I implemented that behaviour now also for SUSE.
Now OS_MASTER_VENDOR="SUSE" for SUSE distributions.
I think before OS_MASTER_VENDOR was not set for SUSE.

As a second step all SUSE_LINUX directories could now be
renamed into SUSE but I don't like that because it works as is.

It never happened in real usage that OS_VENDOR and
OS_MASTER_VENDOR were same for SUSE.
What happened was that I had set both same during my tests
but then I noticed that scripts get run twice because of this.

When OS_VENDOR and OS_MASTER_VENDOR should
indeed never be the same, a test is missing in ReaR that
errors out when both are the same.
Way too often ReaR does not verify conditions
but blindly proceeds "bona fide".

According to the code of SetOSVendorAndVersion()

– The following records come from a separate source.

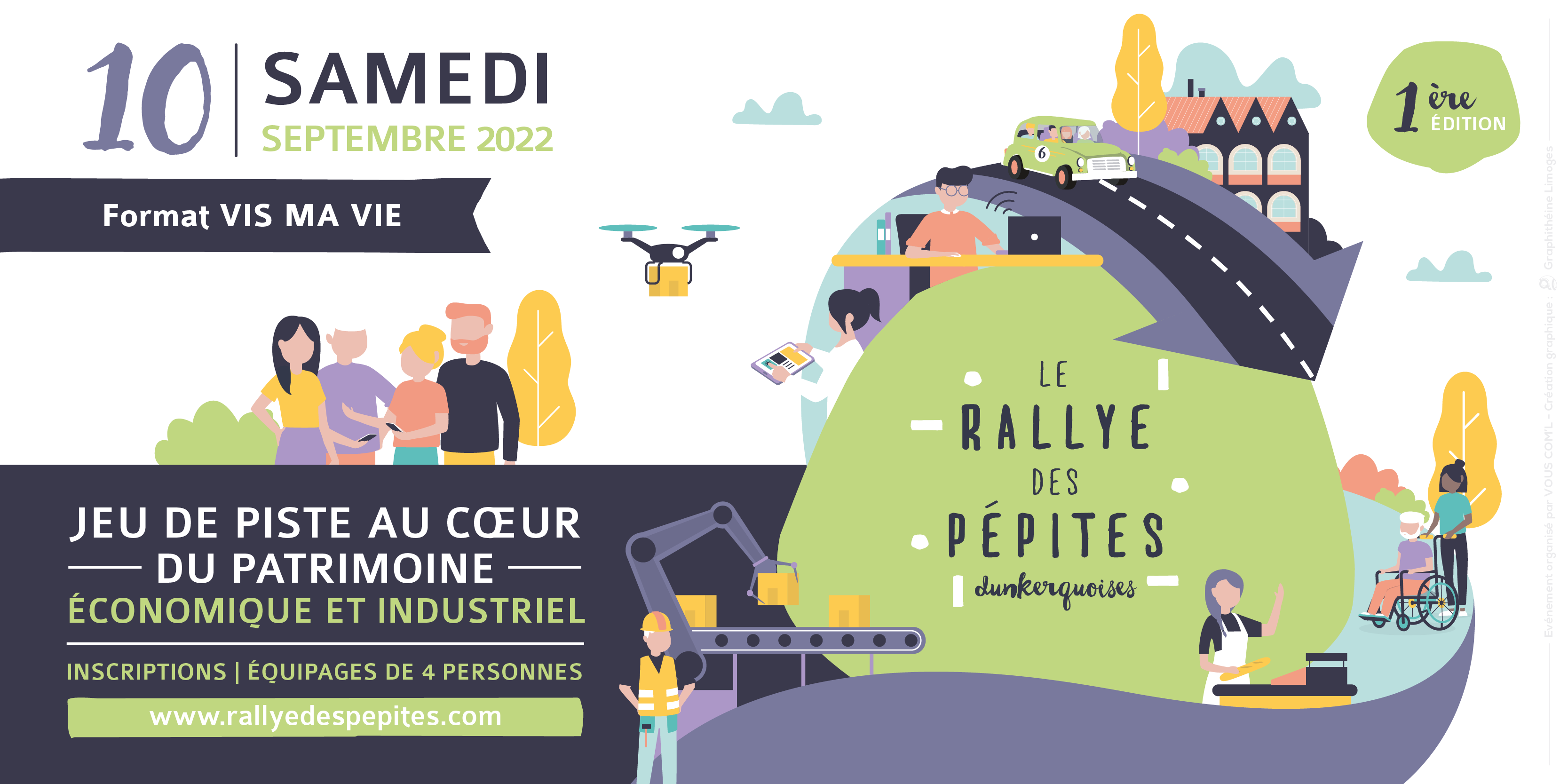 Visuel mailing, Rallye des Pépites Dunkerquoises 2022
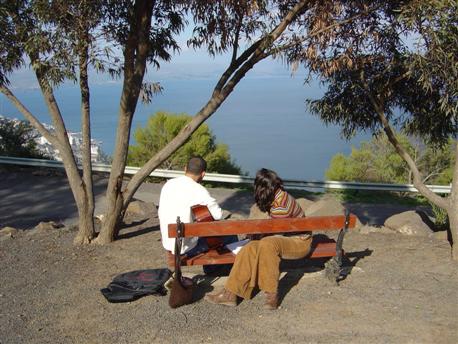 A view over the Kinneret. Photo: Michael Huri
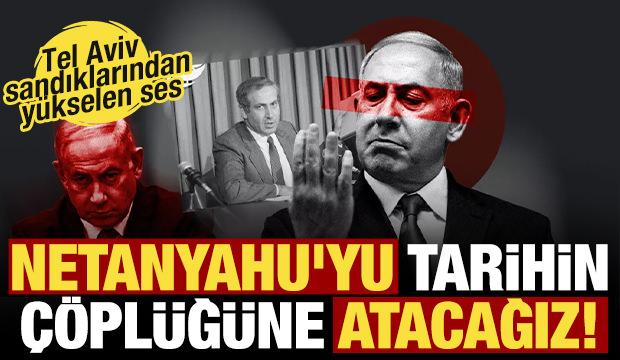 Ortak liste liderinden Netanyahu a&ccedil;ıklaması: "Tarihin &ccedil;&ouml;pl&uuml;ğ&uuml;ne atacağız"
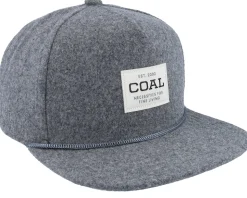 The Uniform Cap Charcoal Flannel Snapback - Coal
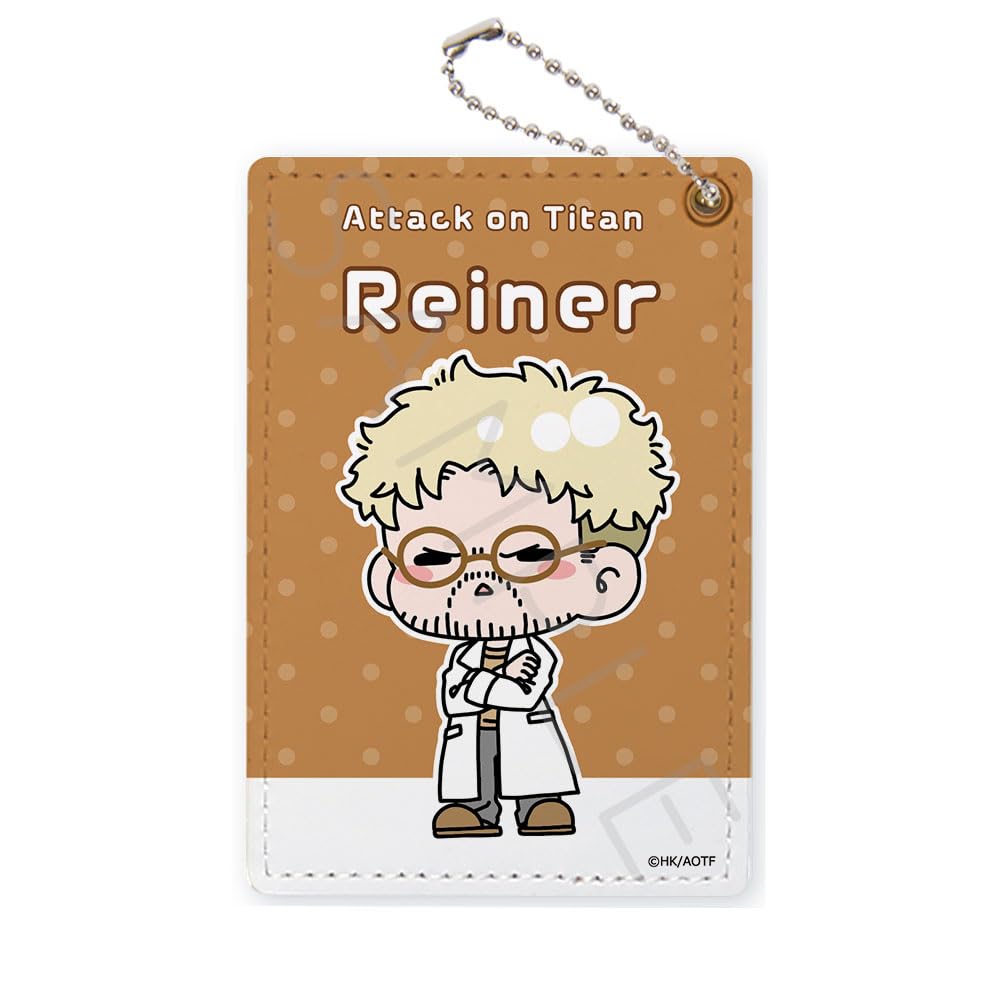 TV Anime on Titan The Final 15th Edition Pass Case M NE  Attack Season  [Reiner]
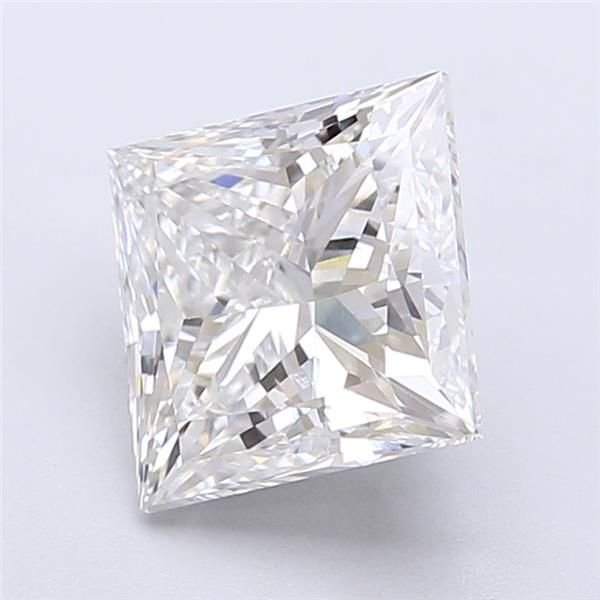 3.06ct F VVS2 Rare Carat Ideal Cut Princess Lab Grown Diamond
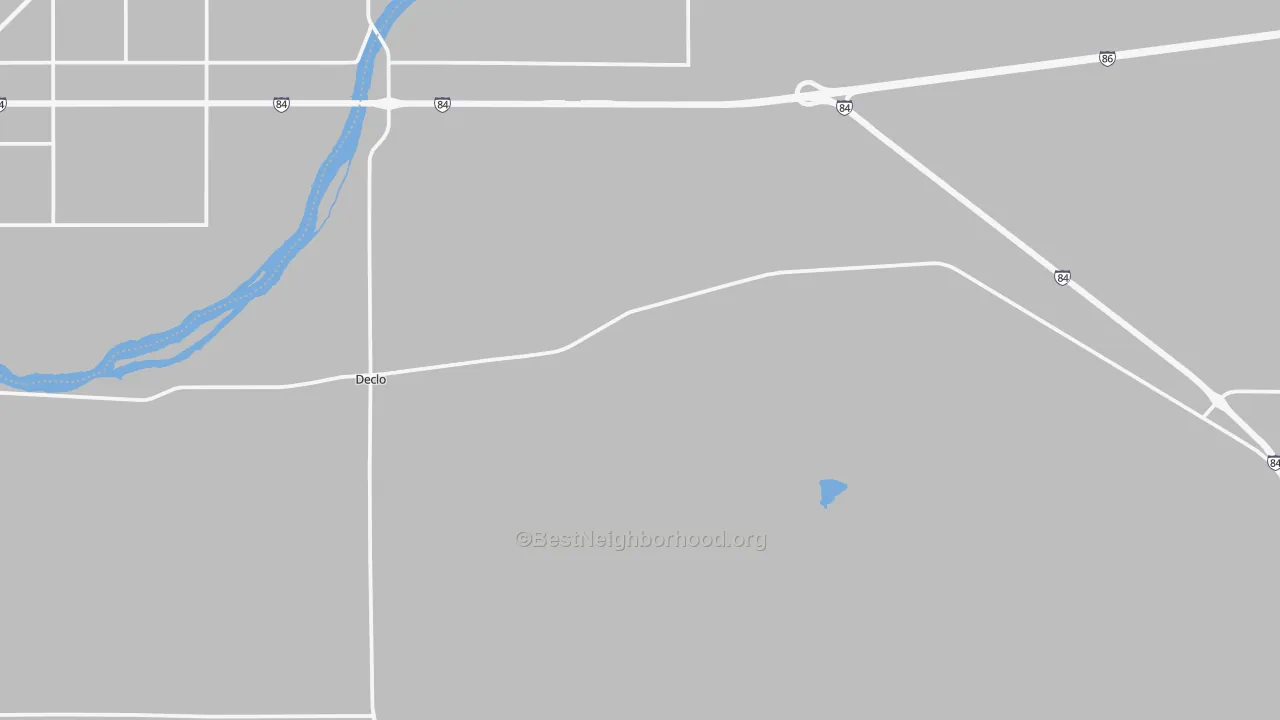 Transit Grade map of Declo, ID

    case "$OS_VENDOR_VERSION" in
        (*Oracle*|*CentOS*|*FedoraCore*|*RedHat*|*Scientific*)
            OS_MASTER_VENDOR="Fedora"

I don't think Fedora/RHEL/CentOS are consistent
in the output of lsb_release.
Each one has its own name in the output of lsb_release
(which is expected) but SetOSVendorAndVersion()
maps them to a consistent OS_MASTER_VENDOR.

schlomo commented at 2017-04-19 15:04:

+1 for adding a test to prevent running with OS_VENDOR and OS_MASTER_VENDOR set to the same.

Fedora-based distros so far (as I have seen) are much more consistent with regard to their lsb_release -i output compared to SUSE, where different SLES versions yield different results.

And yes, I would strongly suggest to actually use OS_MASTER_VENDOR for SUSE and set OS_VENDOR to something that differentiates between the different SUSE flavors.